[Source data]

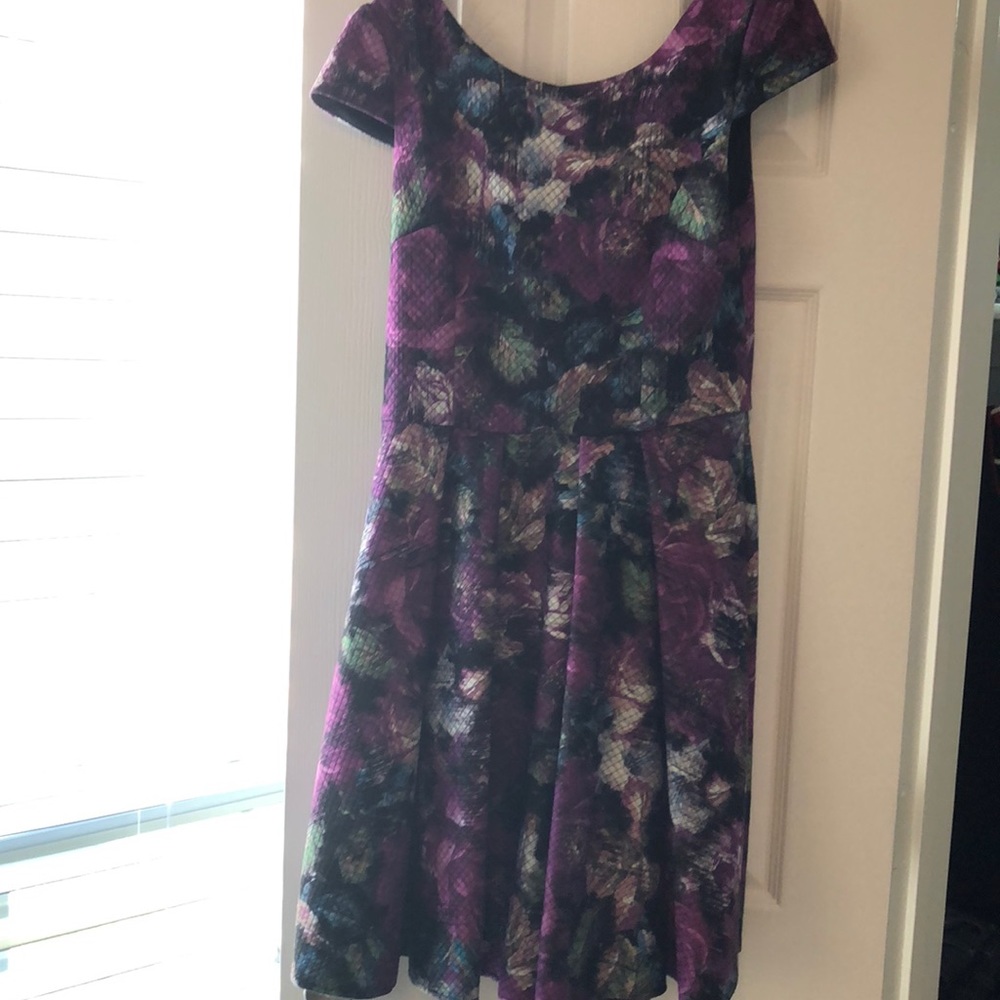 Betsy Johnson dress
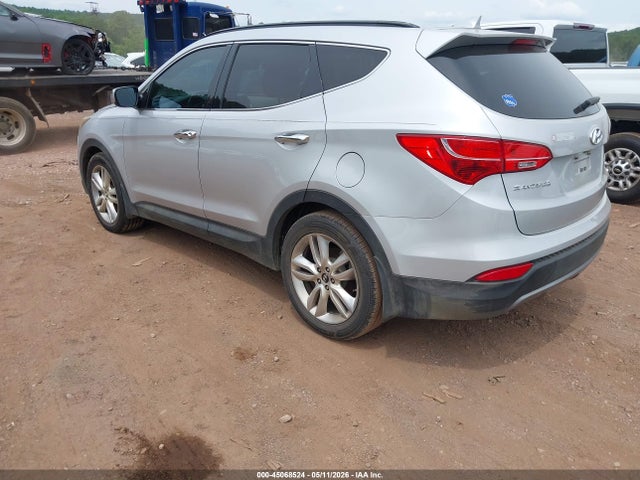 Aukcja sprzedaży 2014 Hyundai Santa Fe Sport 2.0l Turbo, vin: 5XYZU3LA3EG165219, numer aukcji: 45068524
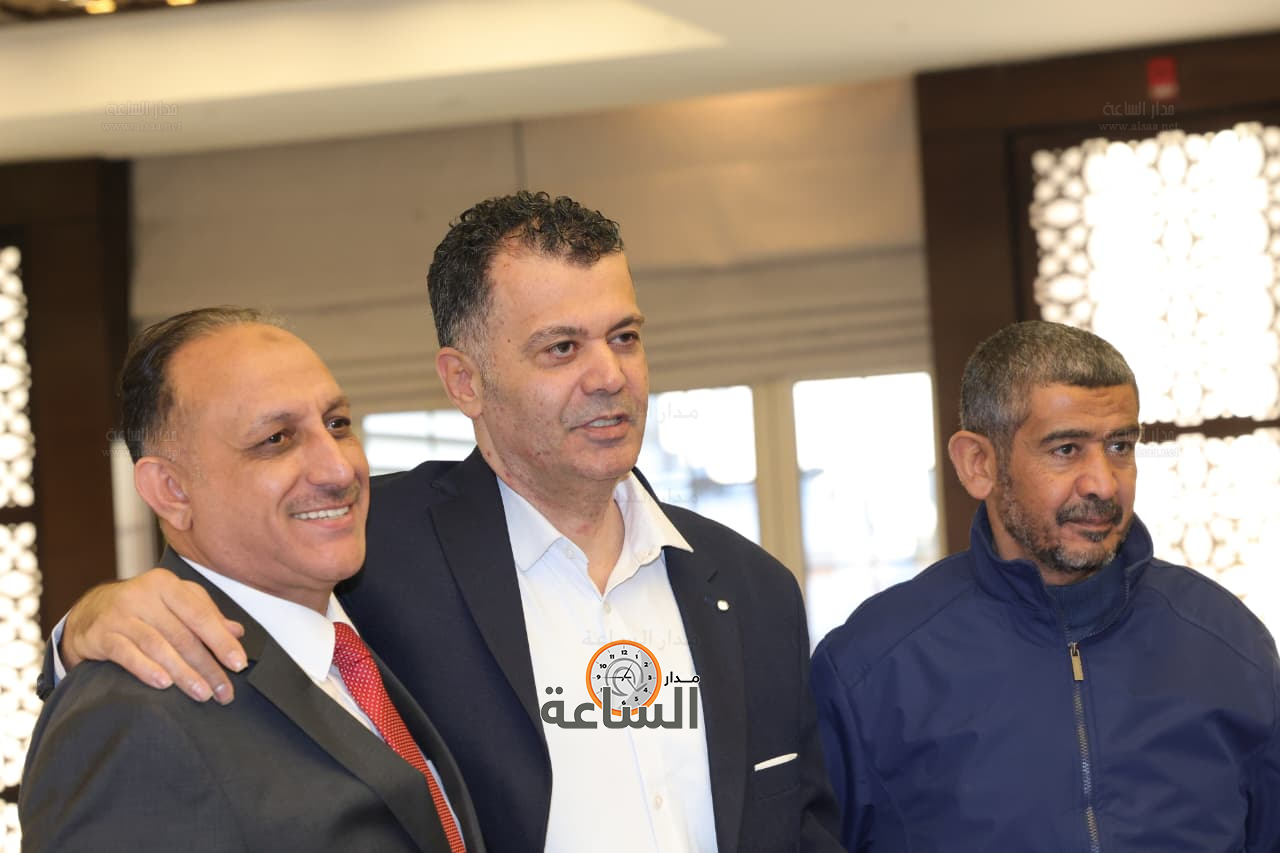 Madar Al-Saa Images 0.7569487450599929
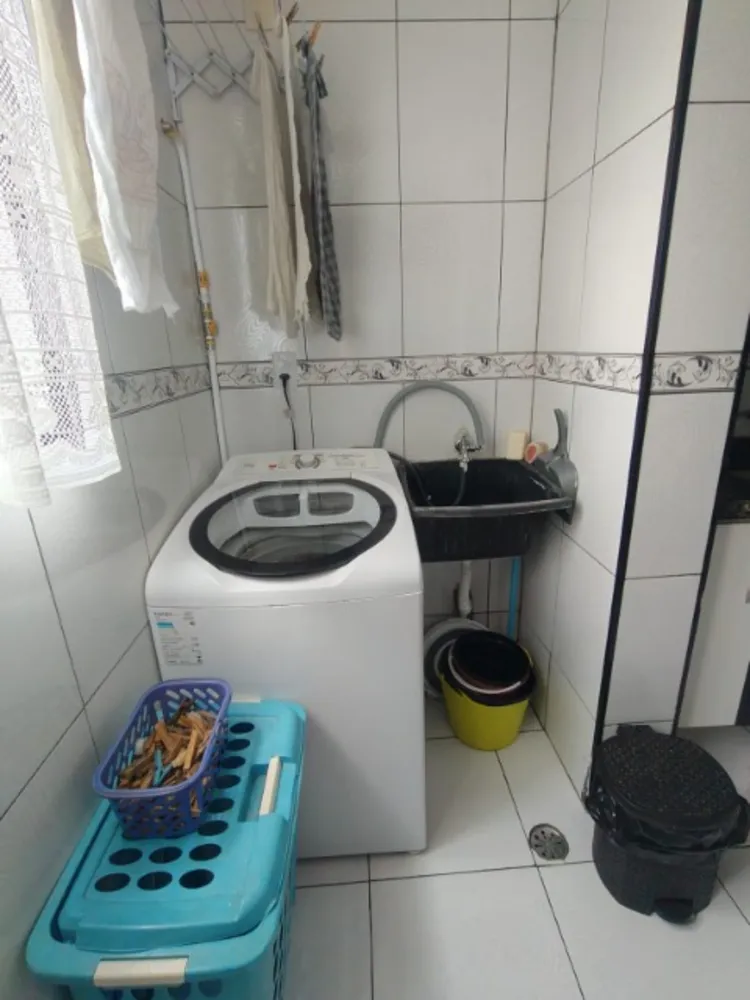 Apartamento, 2 quartos, 43 m² - Foto 3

[What is being asked]
Reproduce the lines from the one with "Madar Al-Saa Images 0.7569487450599929" through the end of the data, keeping both end lines, adding nothing, and dropping any pictures.

[Written response]
 Madar Al-Saa Images 0.7569487450599929
 Apartamento, 2 quartos, 43 m² - Foto 3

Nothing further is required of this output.